■まずは水平に駐車してジャッキアップの前にホイールナットを緩める
クルマに車載工具としてジャッキとホイールレンチが搭載されているクルマならば、それだけでタイヤを交換することが可能です。それだけ簡単な作業ですが、ちょっとしたコツや本当は欲しい道具などが存在します。
まず、クルマをできるだけ水平な場所に駐めます。これはけっこう重要なポイントです。

次に外すべきホイールのナットを少し緩めておきます。ジャッキアップした状態で力をかけると、車体に余分な力が伝わって、ジャッキが外れる恐れがあるからです。ホイールナットのゆるめ具合は本当に少しで大丈夫です。手で回すのは無理、ホイールレンチを使えば楽々というのが目安です。ホイールレンチは車載のものでも大丈夫ですが十字レンチを使うと作業が楽になります。車載レンチはL型なので、押すか引くしかできませんが、十字レンチは片方を押し、片方を引けます。ネジは「の」の字に回すと締まりますので、十字レンチで外すときは左手で押し右手で引きます。


さて、目的のナットが緩んだらジャッキアップします。車載ジャッキや油圧式シザースジャッキ(パンタジャッキ)を使う場合は、サイドシル下のジャッキアップポイントにジャッキをかけます。シザースジャッキを使うときはサイドブレーキを引き、ATセレクターはPで構いません。MTの場合はニュートラルでも1速でもリバースでも大丈夫です。

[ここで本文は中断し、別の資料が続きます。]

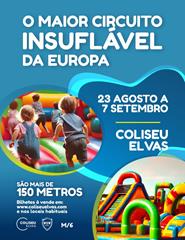 O MAIOR CIRCUITO INSUFLÁVEL DA EUROPA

一方ガレージジャッキで前輪のみを上げる場合や後輪のみを上げる場合は、ちょっと手順が異なります。ガレージジャッキで前輪を持ち上げるとしましょう。その場合は前2輪のナットを緩めておく必要があります。そして、サイドブレーキは引かず、後輪駆動の場合はギヤはニュートラルにしておきます。後輪を持ち上げる場合でFFならばギヤはニュートラルです。つまり接地しているタイヤはフリーの状態にします。ガレージジャッキで前輪(後輪)を持ち上げると、クルマが動きます。クルマが動かないとジャッキが外れてしまうので、危険なのです。ジャッキアップしたら、即座にサイドブレーキを引き、ギヤを入れることが大切です。さらに輪留めもかけましょう。
ホイールを外す際は対角線の順でナットを緩めていきます。車載ジャッキを使って1輪だけを上げているときはクルマが斜めになっているので、最後に下側のナットが残るようにするとホイールが手前に倒れにくくなり作業性がアップします。ホイールが外れたらナットとスタッドボルト(クルマ側から出ているボルト)を掃除します。パーツクリーナーがあれば、パーツクリーナーを使って掃除するといいのですが、それがない場合はスプレー潤滑剤などでもオーケーです。
組み付けるときは逆の手順で行いますが、可能ならスタッドボルトには専用のグリスを塗っておきます。そうすることで固着を防ぎつつ、しっかりとナットが締まります。ナットを締めていく際は指で回して軽く入っていくことを確認します。この時点で締まらないのはナットが斜めになっているか、ねじ山が潰れているかのどちらかです。無理に締め込まずにホイールをもう一度外して、ナットがスムーズに入るかを確認しましょう。もしスムーズに入れば(ほとんどの場合は入ります)、もう一度ホイールを付けて、慎重にナットを締め込みます。
数回転締め込むことができればあとはホイールレンチや十字レンチを使って締め込んでいきます。レンチでグッとねじ込む(ホイールがしっかり固定できる)程度まで行ったら、ジャッキを下げてクルマを着地させます。その後、トルクレンチを使って規定トルクまで増し締めします。以前はトルクレンチは高価なツールでしたが現在は3000円台程度で購入できるものなので、自分でタイヤ交換やローテーションを行う人は用意しておくといいでしょう。また、タイヤ交換後は少し走ったら増し締めを行うことをおすすめします。